### Instructions to follow
Only the lines from the one containing "ԳԱԱ նախագահ Աշոտ" through the end of the material should be printed, exactly as they appear. Leave out pictures.
Records section start
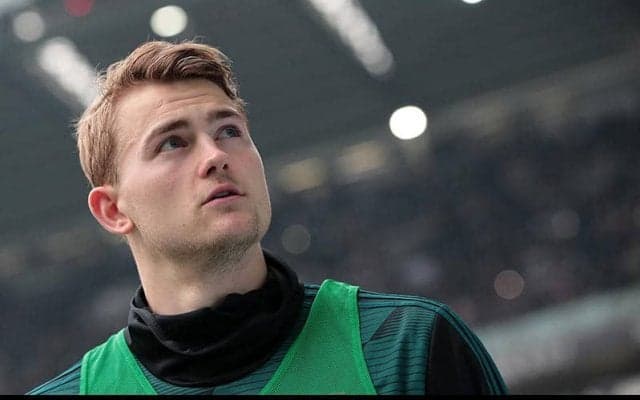 デ・リフト、肩手術で来季開幕アウトか　全治最大3カ月を要する模様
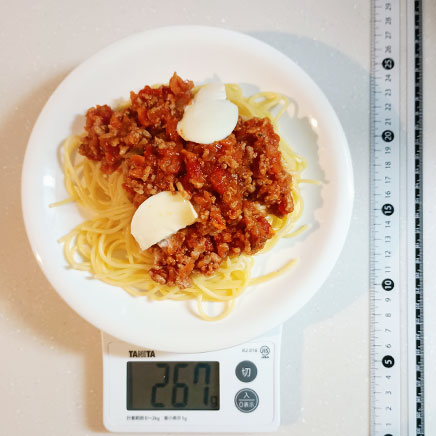 中皿1皿分のモッツァレラのミートソースパスタ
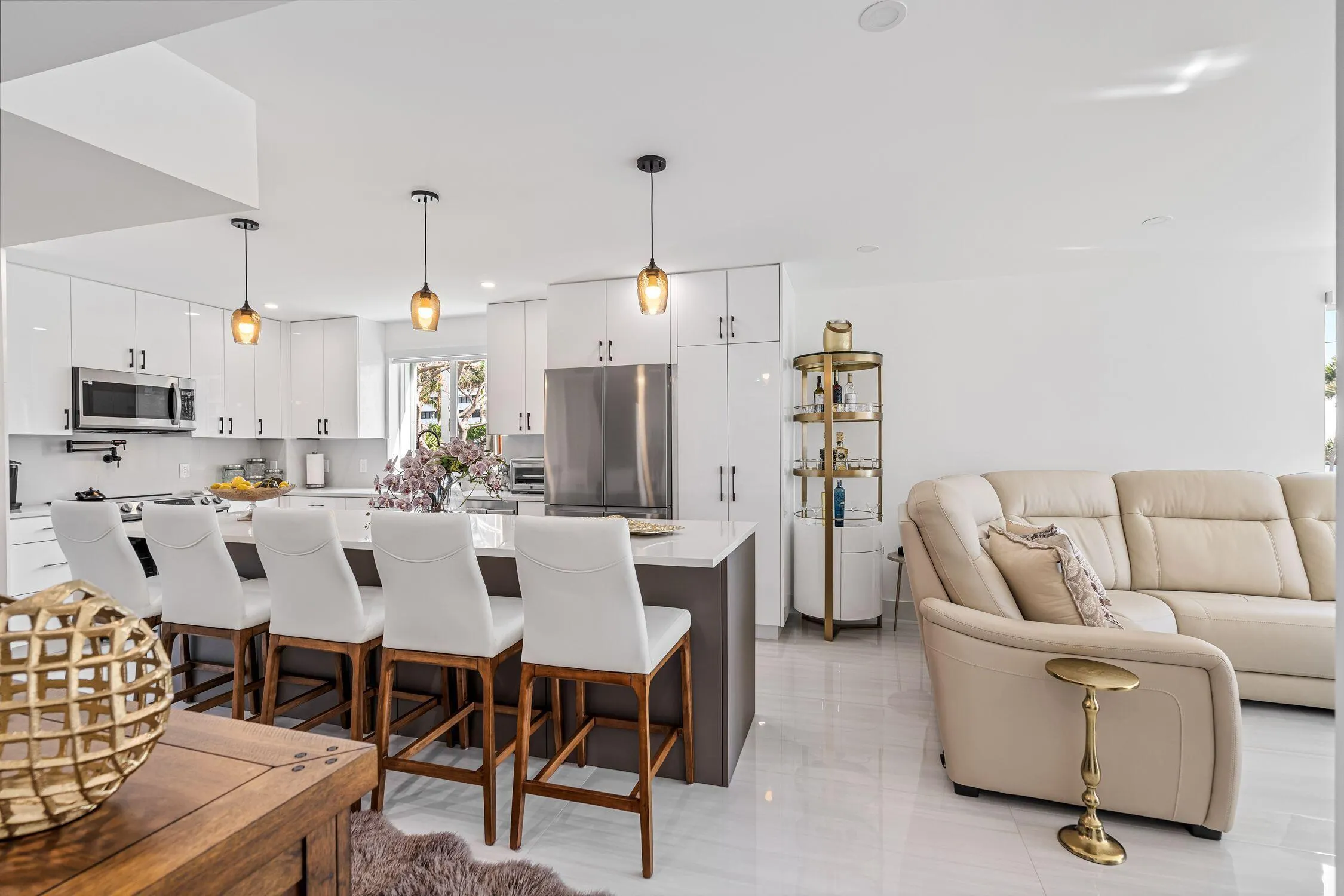 2700 Banyan Road #21c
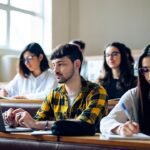 COLLEGE-STUDENTS-CLASS-STUDYING.jpg
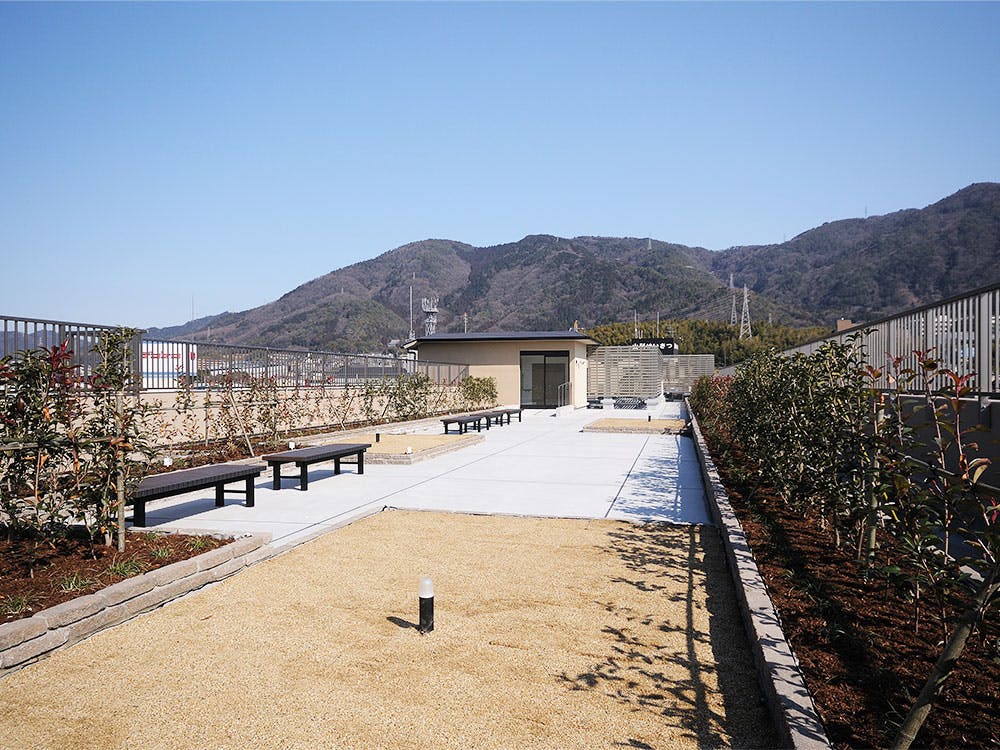 チャーム京都山科 屋上庭園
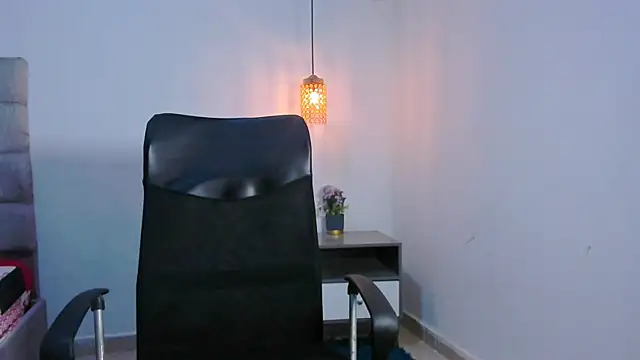 Br4ndxpimmのライブXXXチャット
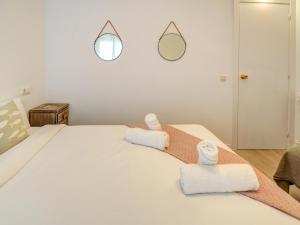 Posteľ alebo postele v izbe v ubytovaní Clarimar Duplex by Hello Homes Sitges
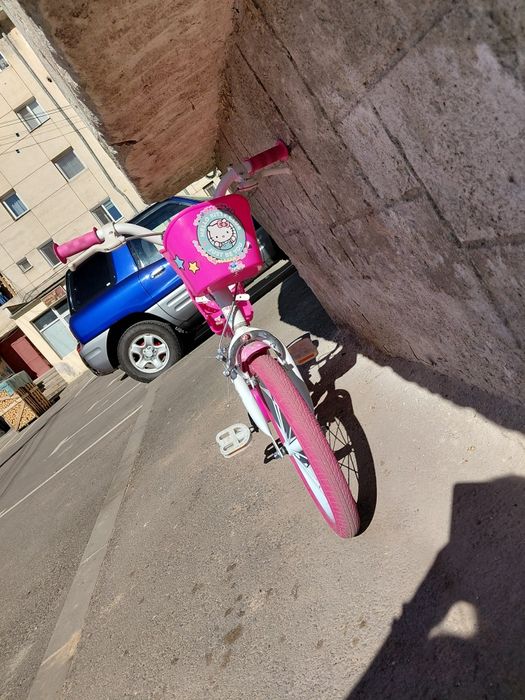 Vând Bicicletă Fetițe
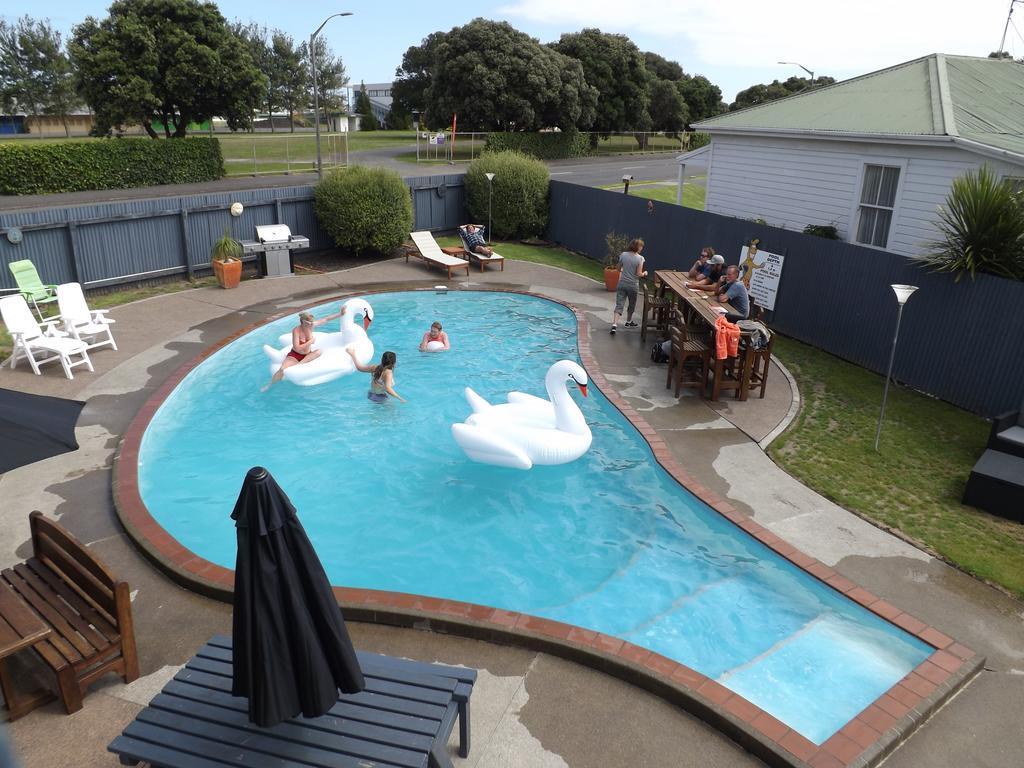 Raceway Motel Whanganui Exterior photo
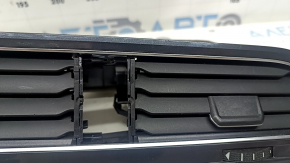 Накладка торпеды центральная VW Tiguan 18-22 графит, с воздуховодами, царапины, сломана направляйка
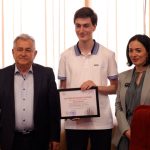 ԳԱԱ նախագահ Աշոտ Սաղյանը, 12-րդ դասարանի աշակերտ Ալբերտ Շահինյանը, Ժաննա Անդրեասյանը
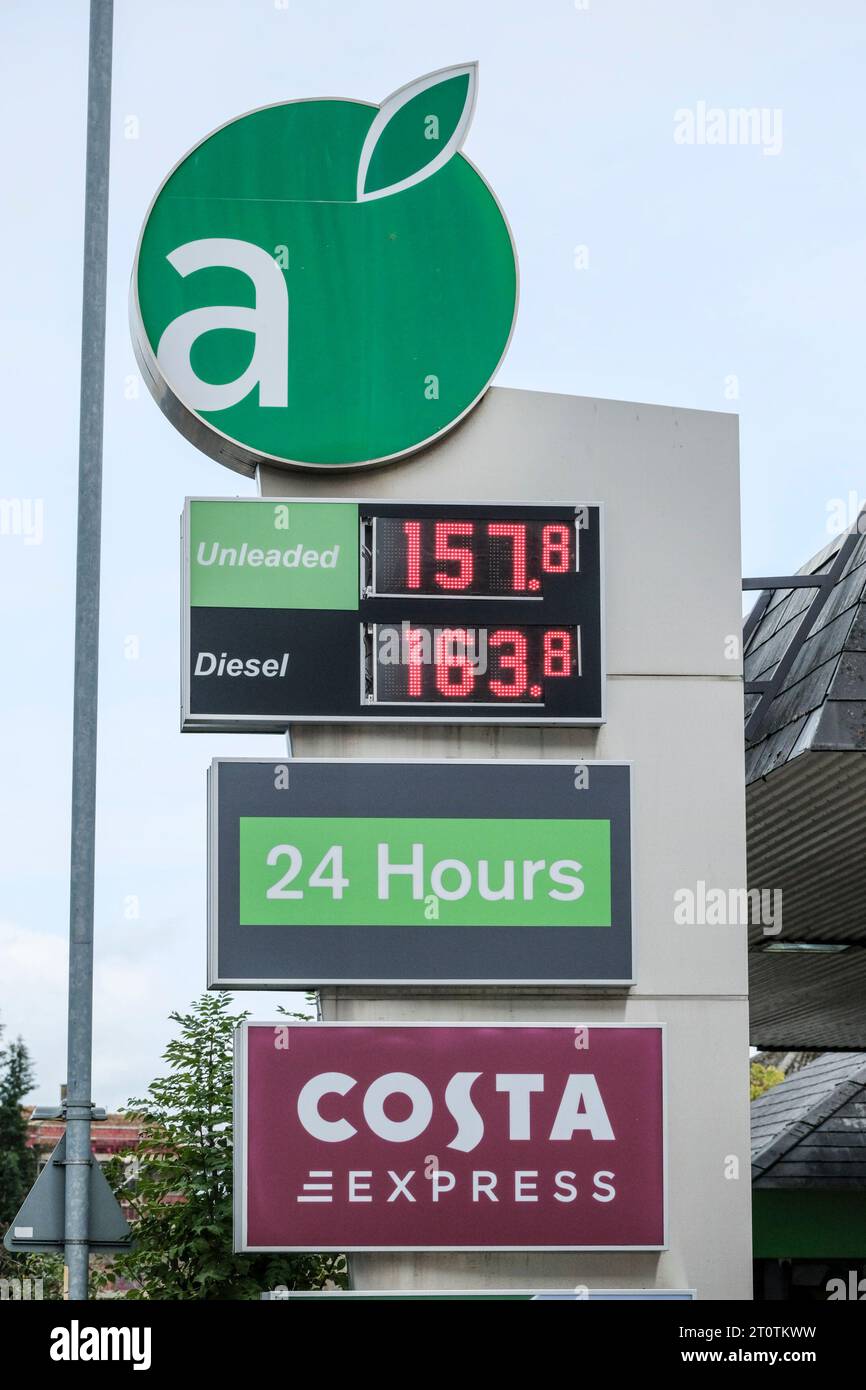 Rising Fuel prices in Trowbridge Wiltshire UK. Fuel prices add ot inflation and the cost of living crisis. Stock Photo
Records section end
### Response
 ԳԱԱ նախագահ Աշոտ Սաղյանը, 12-րդ դասարանի աշակերտ Ալբերտ Շահինյանը, Ժաննա Անդրեասյանը
 Rising Fuel prices in Trowbridge Wiltshire UK. Fuel prices add ot inflation and the cost of living crisis. Stock Photo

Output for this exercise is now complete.